Fue en la Escuela 1. Tus hijos, los míos, sin corbata ni blazer; los actos, la bandera idolatrada, las reuniones de padres. Vos eras doctor, yo no. Y nos saludábamos tan afectuosamente que ya no hacía falta un long play bajo el brazo para hablar como si fuera ayer.
Llegó nuevamente la distancia porque te fuiste a Buenos Aires, según tuve entendido. Supe de vos y tu buenaventura. Además, verlos a Fran y a Rafa con su propia banda y tus propios ojos, era como verte, con rastas y más flaco. Y supe de Mica también, y de los chiquitos Joaquina y Pedro. Tus hijos, tus amores, Francés.
Supe que seguías siendo tan buen tipo como siempre y si hubiera tenido que ?pisar? (pan-queso, pan-queso), te seguía eligiendo para mi equipo. De veteranos, sí, pero tan seguro y convencido como cuando podíamos correr y no cansarnos.
Y no va que el otro día me entero que estabas mal. Tan mal que ya no había caso. Así que, imaginate. Yo que ni siquiera entiendo las canciones de Spinetta, mirá que voy a entender estas cosas.
Fue una trompada en frío. Peor aún, un cachetazo en medio de la oscuridad. Tan desorientado quedé que ni siquiera tuve tiempo de hacer esos razonamientos rigurosamente estúpidos sobre vivir cada momento y no hacerte problemas, que la vida es una sola y tanta gansada de power point. Carpe diem. Ni siquiera pensé eso. De verdad.
Hasta que un mensajito de texto me anotició de tu muerte. Y te juro que estoy buscando algún sinónimo para nombrar esto que te pasó. Partida, viaje, distancia, algún derivado de apagar. Hay tanto eufemismo grosero y berreta que no te merecés, que prefiero ser bestial.

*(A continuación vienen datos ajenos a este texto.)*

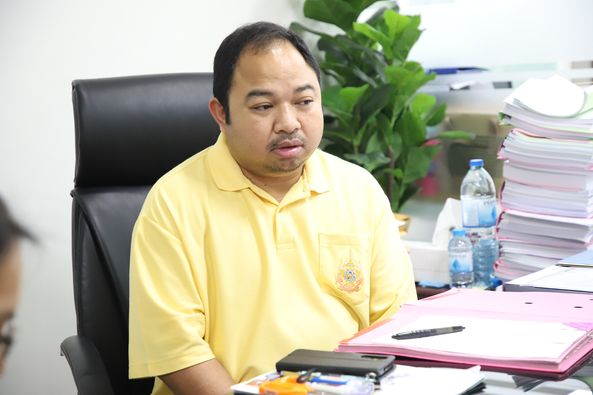 วันที่ 16 สิงหาคม 2567 นายประเสริฐ บุญประสพ นายกเทศมนตรีนครส ... Image 1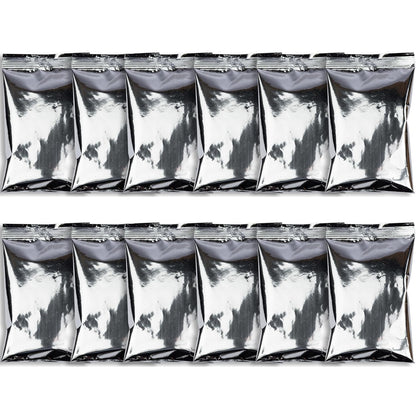 Sarasota Coffee Ground Packets | Gourmet Flavored Medium Roast Grounds Packs | Christmas Holiday | Low Acid Mold Free Bulk Individual Single Pot Pouches for 12 Cup Coffee Maker | 2 oz Bags, 12 Count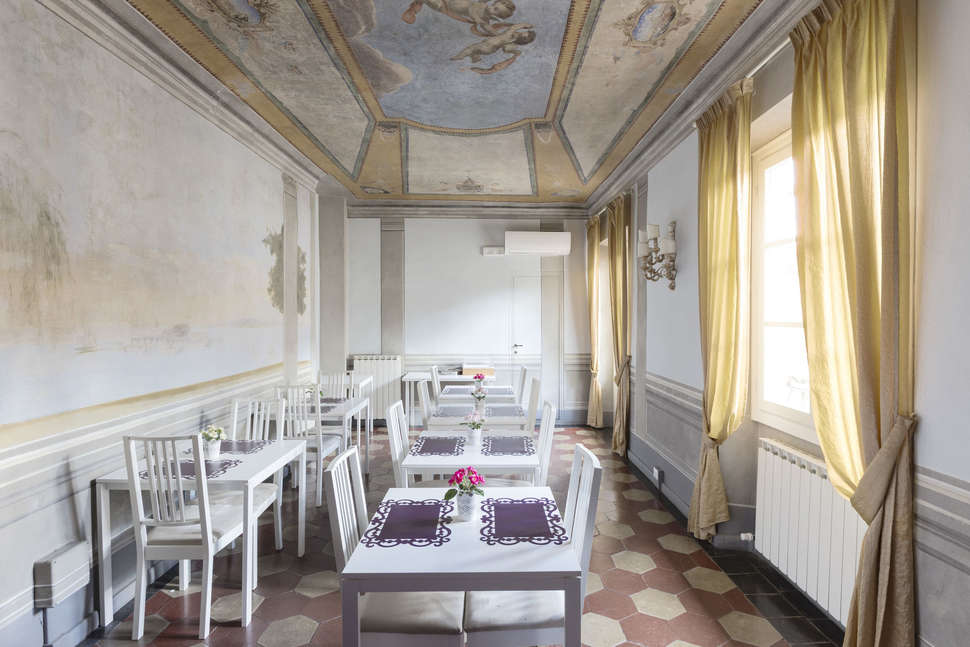 Een foto van B&B I Quattro Poeti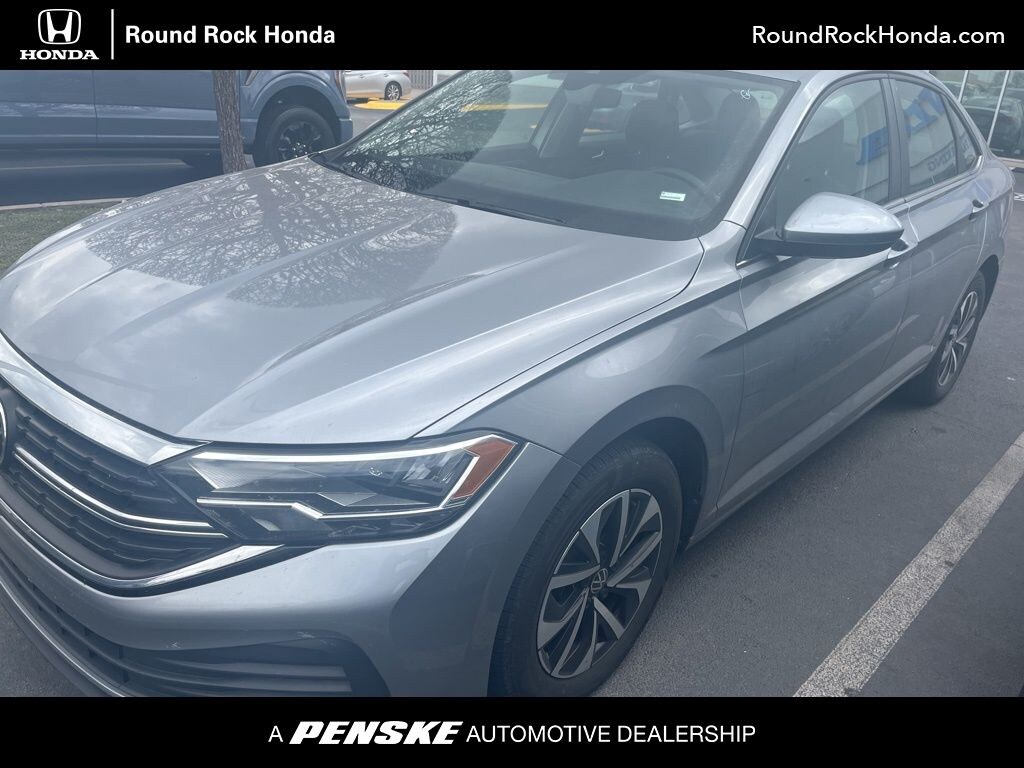 Used 2024 Volkswagen Jetta 1.5T S Sedan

Decirte que el mundo ya no va a ser el mismo sería mentirte. Porque esto seguirá igual. Soy yo el que desde el otro viernes lo estoy viendo un poco más empañado.
Espero que ahora no me llamen para pisar (pan-queso…) porque no voy a saber por dónde, por qué, por quién empezar…
Ya sé, Francés, todas las hojas son del viento… Ya sé.
Recibí las noticias en tu email
(El viernes 14 de agosto de 2009, en Buenos Aires, murió el doctor Javier Adrián Margueritte. El Francés, de quien no tuve que ser amigo para quererlo entrañablemente).